Het voorbeeld van de babyboomgeneratie verduidelijkt de theorie van Mannheim. Geboren na de Tweede Wereldoorlog maar daar onmiskenbaar door gevormd, reageerden individuen uit deze leeftijdsgroep op vergelijkbare wijze op gebeurtenissen. Hierdoor was 1968 een revolutionair jaar vol sociale verandering in verschillende Westerse landen, omdat een generatie op basis van gedeelde ervaringen aanleiding gaf tot nieuwe historische gebeurtenissen.
Inhoudsloos
Als we de ideeën van Mannheim in acht nemen, zien we dat er drie (aan elkaar verwante) zaken mis zijn aan het hedendaagse generatiedenken. Ten eerste slagen de duiders er niet in aan te geven wat nu exact de kenmerkende gedeelde ervaring is van het leeftijdscohort dat nu twintig is. Het ligt voor de hand daarvoor naar de opkomst van het internet te wijzen. De vraag is echter waarom dat nu juist voor deze specifieke groep (en niet voor anderen) zo bepalend was.
Ten tweede zijn de verschillen binnen ‘generaties’ groter dan tussen generaties. De jongeren die Wijnberg beschrijft vormen een specifieke sociaaleconomische en culturele klasse. De leeftijdsgenoten van zijn blowende vrienden die echter een vmbo-voortraject hebben gehad, hebben op die leeftijd bijvoorbeeld een vaste baan. Ze wonen vaak samen en hebben soms al kinderen.

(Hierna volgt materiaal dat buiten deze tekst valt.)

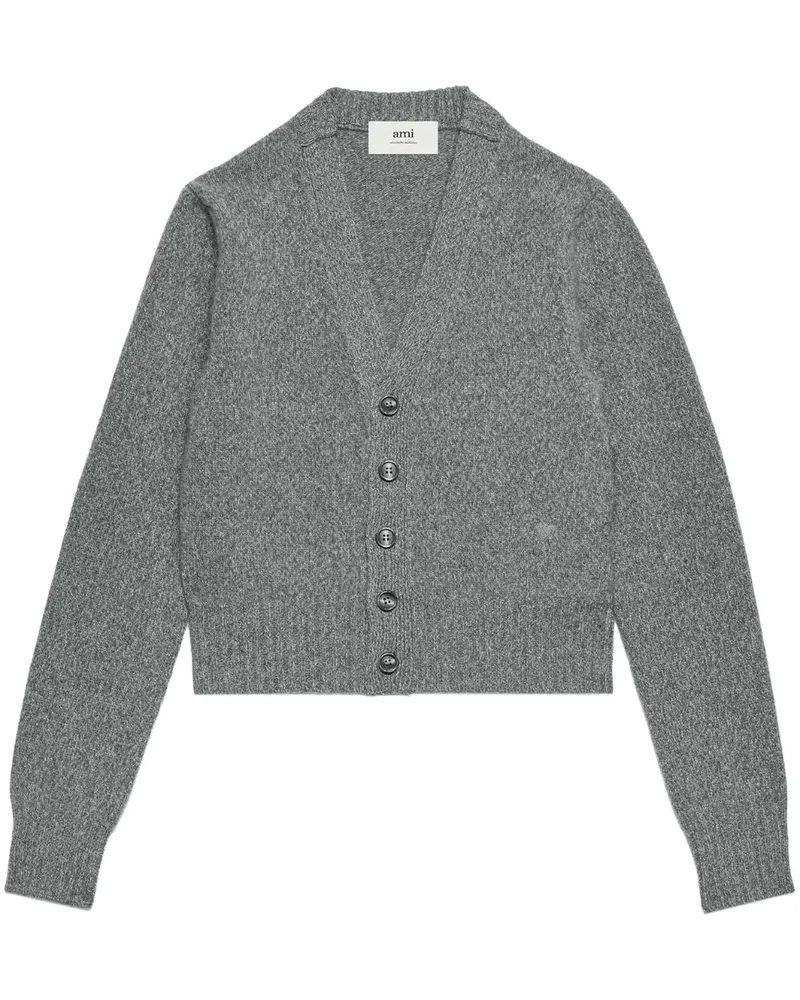 AMI Paris Ami De Coeur Cardigan - Grau Grau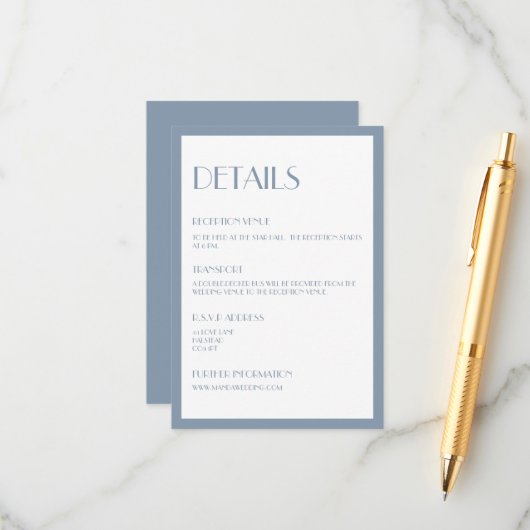 デコモダンブルー詳細エンクロージャカード エンクロージャーカード (正面/裏面インサイチュ)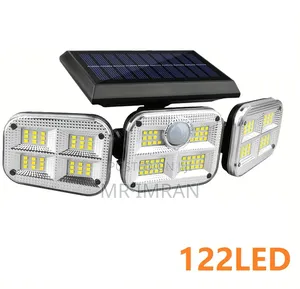3-Head 122 Led Solar Motion Sensor Light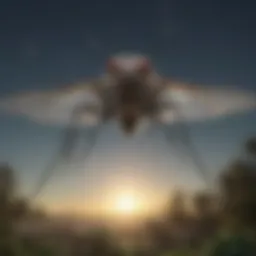 Mr. Mosquito in Flight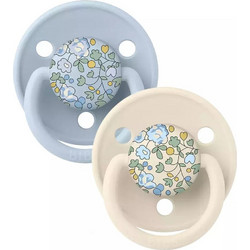 BIBS x Liberty de Lux Πιπίλες Σιλικόνης 0-36m Eloise Baby Blue 2τμχ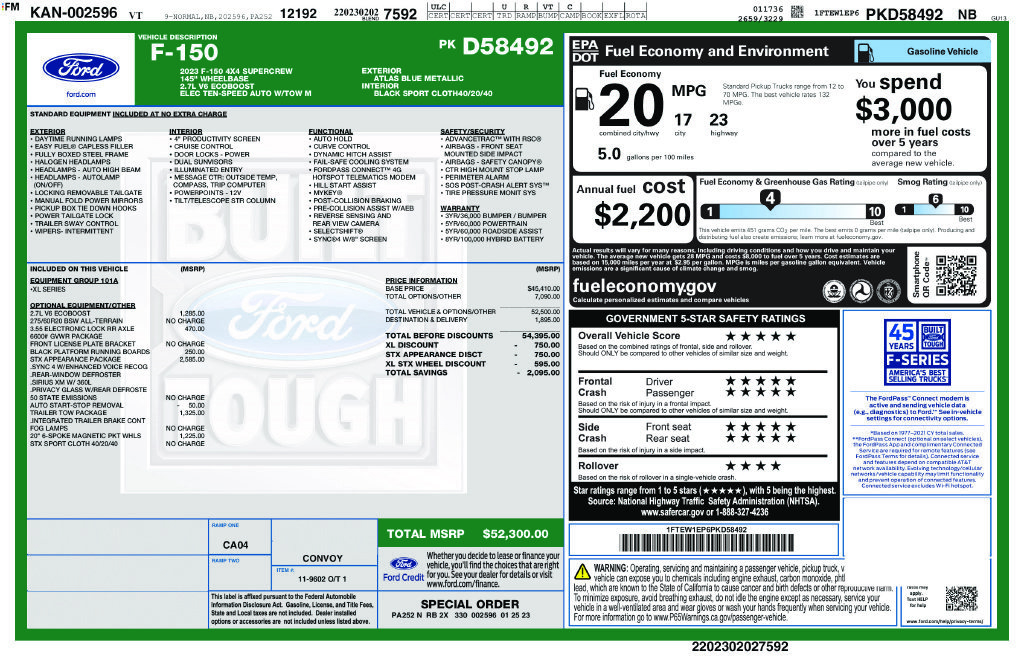 Used 2023 Ford F150 XL w/ STX Appearance Package AWD/4WD image 18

Een derde bezwaar is dat generaties verkeerd worden vergeleken. Het gaat niet om het verschil tussen Generatie Babyboom en Generatie Y nu, het gaat om verschillen tussen twintigers toen en twintigers nu: wat voelen zij anders, wat beleven zij anders? Mensen uit de jonge generatie zelf zijn daarbij notoir ‘onbetrouwbare’ vertellers, omdat ze zo geneigd zijn op te gaan in de eigen gedachte uniekheid dat ze vergeten dat er ook vóór hen al jongeren bestonden.
Spiegel
De drijvende kracht achter al dat onzinnige generatiedenken is een economische. Verkopen van consumptiegoederen, als het gaat om marketeers, en verkopen van boekjes, als het gaat om zelfbenoemde tijdsduiders. Volgens Wijnberg zelf is zijn karakterisering relevant, omdat jeugdcultuur een spiegel op de toekomst is. De juistheid van die bewering is op zijn best twijfelachtig. De nozemcultuur uit de jaren ’50 voorspelde op geen enkele manier hoe deze mensen zich gingen gedragen toen ze ‘volwassen’ waren. De hippies uit de jaren ’60 verloren hun idealen gelijktijdig met hun lange haar. Dat studenten houden van op de bank hangen, betekent – kortom – helemaal niets.
Linda Duits doet (commercieel en wetenschappelijk) onderzoek naar jeugdcultuur.